What is expected: Where the lines below hold images, skip those and copy every word exactly.
━━━ Data section ━━━
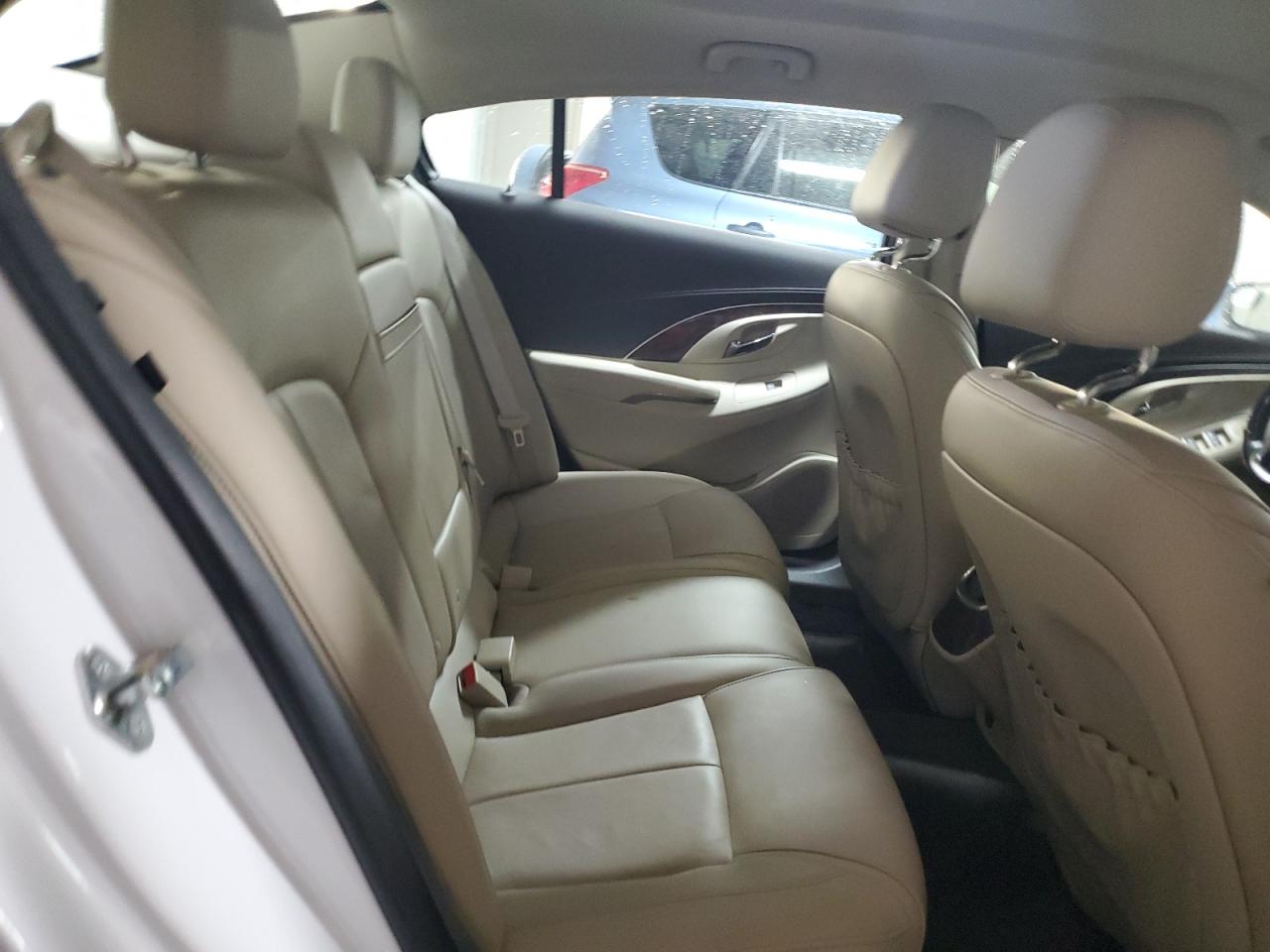 2015 Buick Lacrosse VIN: 1G4GB5G35FF233038 Lot: 92706645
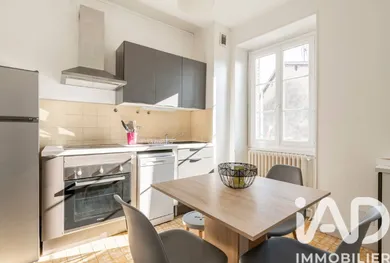 Duplex à Montalieu-Vercieu (38390)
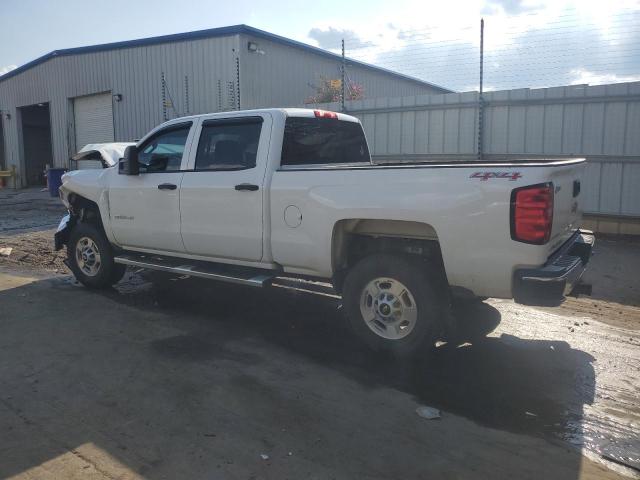 Photo 2 from auction – 2016 CHEVROLET SILVERADO with VIN 1GC1KUEG7GF227592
━━━
Response area:
 2015 Buick Lacrosse VIN: 1G4GB5G35FF233038 Lot: 92706645
 Duplex à Montalieu-Vercieu (38390)
 Photo 2 from auction – 2016 CHEVROLET SILVERADO with VIN 1GC1KUEG7GF227592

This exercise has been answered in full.